So What Does a Consensus Transcription Look Like, Exactly?
Providing an accurate transcription of the Thomas T. Eckert Papers is one of the primary goals of Decoding the Civil War. It’s why we applied to the National Historical Publications and Records Commission (NHPRC) for a grant, and it’s why our thousands of volunteers have put so much time and effort into this project. With more than 4,000 subjects, or pages, now retired, the folks at at Zooniverse have begun the process of establishing the consensus transcriptions, and we are excited and pleased with the results.
Each page, whether in the telegram ledgers or the codebooks, is seen by multiple people. The pages that have been “retired” are those that have been seen and classified by a sufficient number of people. To find the consensus transcription, an algorithm is run that compares every word and finds the most frequently used one. This doesn’t guarantee that the transcription is accurate, and we are allowing for corrections in the future, but it gives us a version of the text that most people agree on.
Let’s look, for example, at this telegram from the top of page 8, ledger 1:
The consensus lines and box are fairly straightforward – they were made by averaging the locations drawn by everyone who classified this page. As you can see, there are some quirks, such as the weirdly short top line, which we have seen consistently throughout the reviewed data: some people underlined the entire top line, while others split it into two smaller lines. The lack of underlining with the second line of the telegram is a bit harder to parse out, but most people transcribed “sent”, so the effect on the transcription was minimal. The box comes from that last step of “boxing” the telegram. It will prove very useful in Phase 2 when we parse out individual telegrams, as we have done in the example above.
So, what does the consensus transcription look like for this telegram?! Without further ado….
Louisville 4′ Recd Feb Feb 4 ’62
Col Colburn asst adjt General Ocean
they had better not be sent
I may want them soon if
they are ready for service Alvord
Huzzah! With the exception of that duplicated “Feb”, this seems to be spot on.
Here’s a closer look at the breakdown of the responses:
The numbers underneath each word indicate the number of people who transcribed it that way. The Zooniverse team uses these numbers to calculate the reliability of each line and each page. This message comes from a page with a reliability value of .8658, an excellent value on the scale from .0 to 1.0. We are currently working on determining what is an acceptable base level, or floor, of reliability. Pages whose reliability is lower than that base level will have to be reviewed further, or placed back into the transcription queue.

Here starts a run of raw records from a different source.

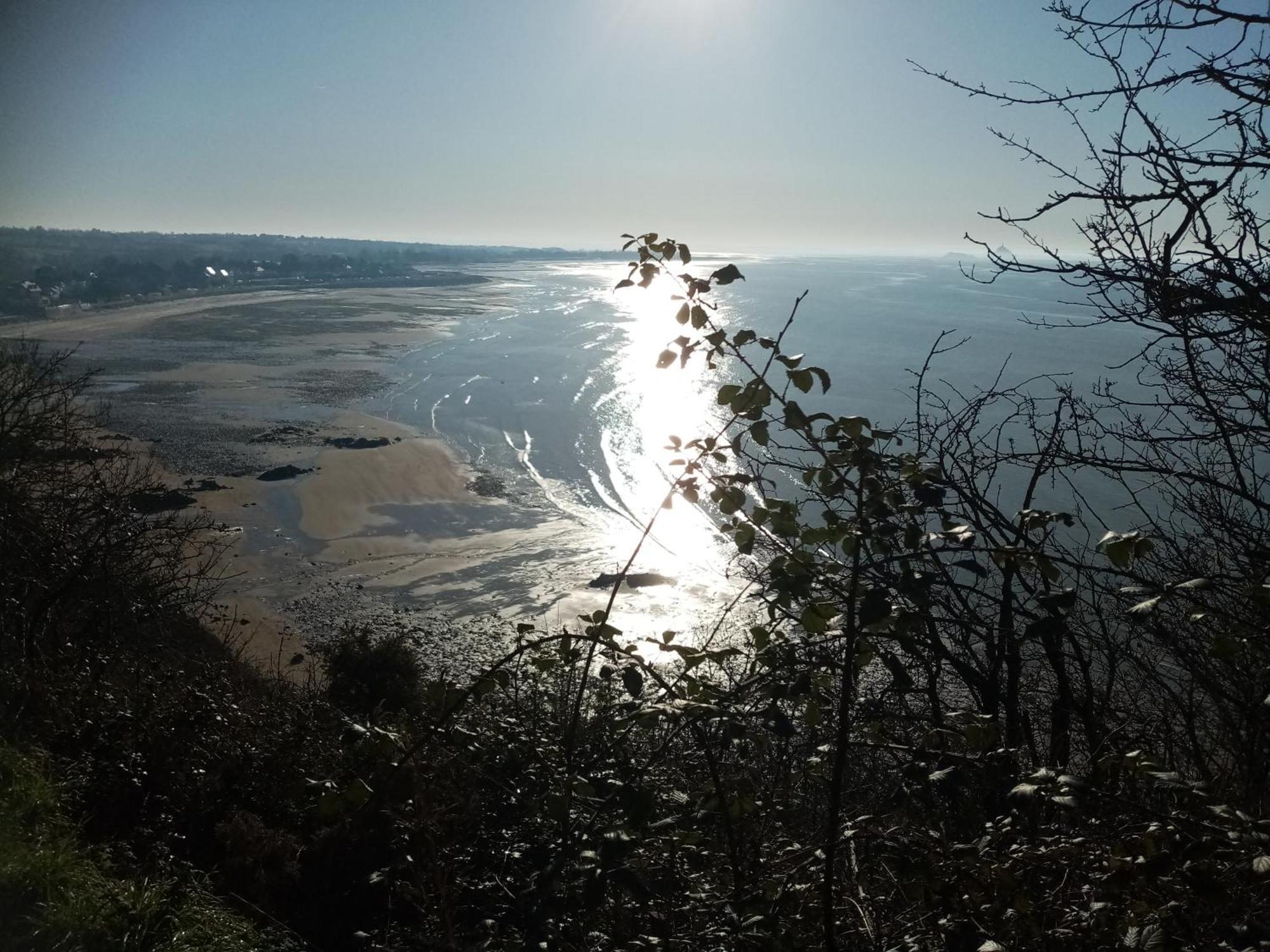 La Campagne Au Bord De La Mer, Chambre Chez L'Habitant Champeaux Buitenkant foto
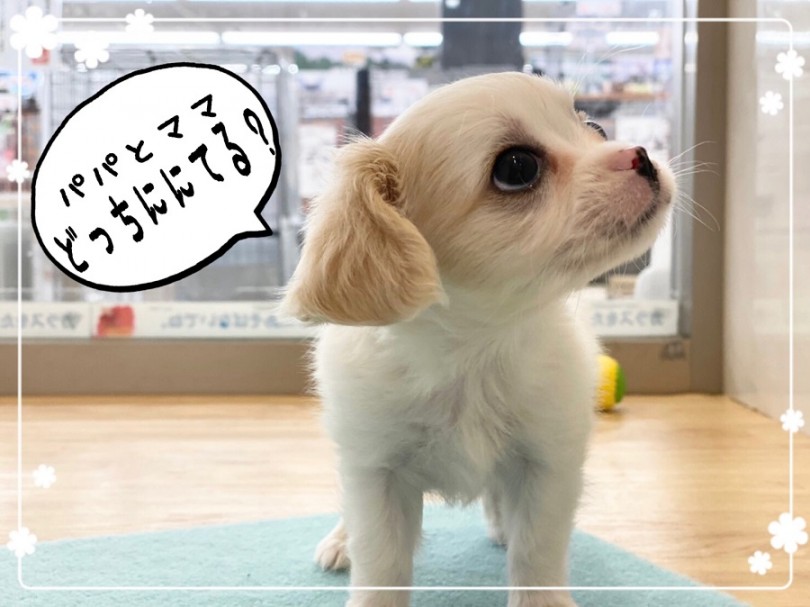 チワワのお父さんとキャバリアのお母さんを両親に生まれたチワキャバ君 | MIX犬 チワキャバ （312004） - 港北ニュータウン店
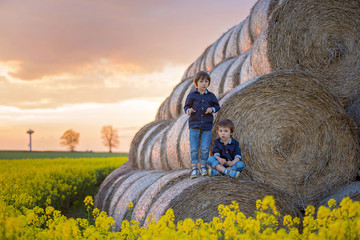 Two children, boy brothers in a oilseed rape field, sitting on a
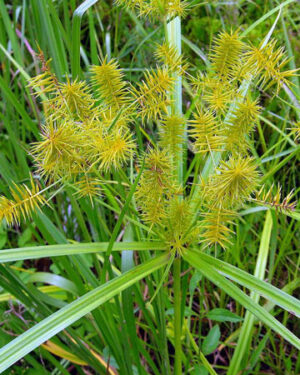 Souchet Ndir : L’Amande de Terre aux Multiples Bienfaits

Once we have an acceptably reliable consensus transcription for a ledger, we will load that transcription into the Huntington Digital Library, so that researchers can start using the materials in a keyword-searchable form. At the same time we will be loading individual telegrams into Phase 2 of Decoding the Civil War, in which volunteers will tag metadata such as sender, recipient, times sent and received, and more. The fruits of the volunteer labor of “boxing” the telegram come into play here with the consensus box helping us determine the correct location on the page of the telegram.
We are incredibly excited about our progress so far, and can’t wait to share more of our findings in the near future!